Postado por Daniela Dantas Furlaneto em 11/07/2025 15:20


 
“Os contos de fadas são a expressão mais pura e simples dos processos psíquicos do inconsciente coletivo.”
 
(Marie Louise von Franz)
 

 

No conto A Bela e a Fera podemos entrar em contato com a Jornada de Desenvolvimento do ego Feminino.

O conto original A Bela e a Fera é uma história de domínio público, com raízes no folclore francês do século XVIII. A versão mais conhecida foi escrita por Jeanne-Marie Leprince de Beaumont em 1756, e desde então tem sido adaptada inúmeras vezes ao longo dos séculos.

Aqui vai um breve resumo do conto clássico A Bela e a Fera, na versão de Jeanne-Marie Leprince de Beaumont:

Antes de partir em viagem, o pai de Bela, um comerciante que havia perdido sua fortuna, pergunta às filhas o que desejam que ele traga de volta. As irmãs mais velhas, vaidosas e egoístas, pedem joias, vestidos caros e adornos luxuosos, acreditando que a riqueza da família será restaurada. Já Bela, humilde e gentil, não pede nada — apenas deseja que o pai volte em segurança. Insistindo para que ela escolha algo, Bela finalmente pede uma simples rosa, pois não havia visto nenhuma desde que se mudaram para o campo.

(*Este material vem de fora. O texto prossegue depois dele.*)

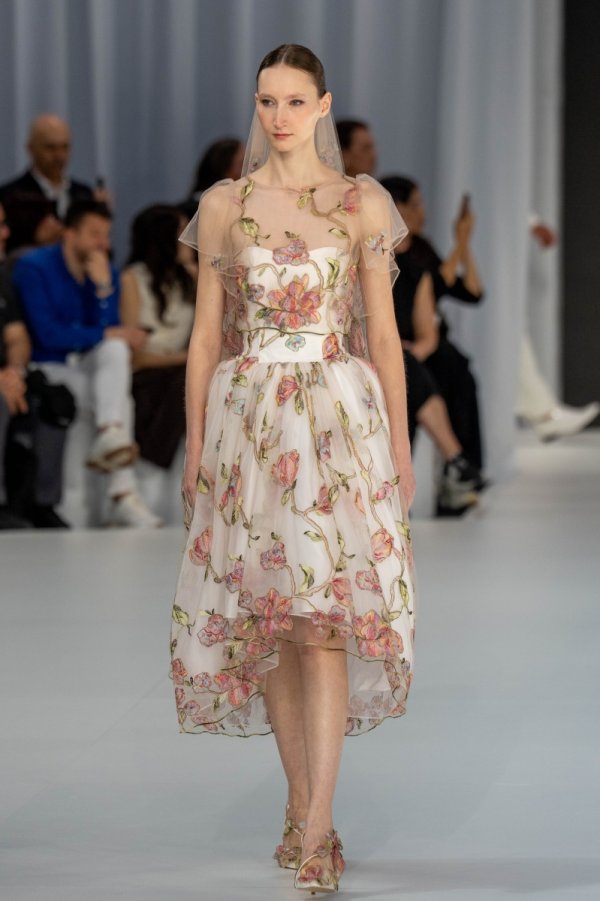 Barcellona Bridal Fashion Week Serina - Foto 4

Esse pedido singelo se torna o ponto de virada da história: ao colher a rosa em um jardim encantado, o pai desperta a ira da Fera, que exige que uma de suas filhas vá viver no castelo como pagamento. Bela, corajosa, se oferece para proteger o pai — e assim começa sua jornada mágica.

Dessa forma, essa jovem chamada Bela, filha de um comerciante empobrecido, se oferece para viver em um castelo encantado como forma de salvar seu pai, que havia colhido uma rosa do jardim da misteriosa Fera. Apesar do medo inicial, Bela descobre que a Fera é gentil e generosa. Com o tempo, ela desenvolve carinho por ele e percebe que sua aparência monstruosa esconde um coração nobre.

Quando Bela retorna à sua família por um breve período, ela se atrasa e encontra a Fera à beira da morte por tristeza. Ao confessar seu amor, a maldição que o transformava em fera é quebrada — revelando um príncipe humano. Eles se casam e vivem felizes, enquanto as irmãs invejosas de Bela são punidas por sua crueldade.

A Bela representa o ego feminino ainda na sua forma infantil e identificado com o pai. Ela está sempre fazendo algo, como os serviços da casa, sendo uma boa menina, obediente. Ela faz de tudo para ver esse pai satisfeito, ou seja vive em função de atender suas necessidades e expectativas. Como ela não deseja nada para si, ainda não se vê como um indivíduo desejante e autônomo em contraste das irmãs que não se envergonham de pedir presentes caros para si mesmas enquanto Bela pede apenas uma rosa colhida pelo caminho.

Na sua jornada de individuação (processo de se tornar quem se é) esse ego vai precisar se separar desse pai, psicologicamnete falando, para se fortalecer e se flexibilizar antes de ir para o mundo. Então ela será chamada para resolver essas questões interiormente.

O Self, conceito que Jung cunhou para se referir à Totalidade do Si-Mesmo que impulsiona o ego, gerou uma tragédia colocando esse pai em perigo para que ela diante desse conflito seja forçada a fazer uma escolha.

De qualquer forma essa separação ocorreria, mas o chamado do Self é fazer com que o ego faça sua diferenciação de forma consciente, que o próprio ego tome suas decisões. Diante do embate Bela precisa fazer uma escolha.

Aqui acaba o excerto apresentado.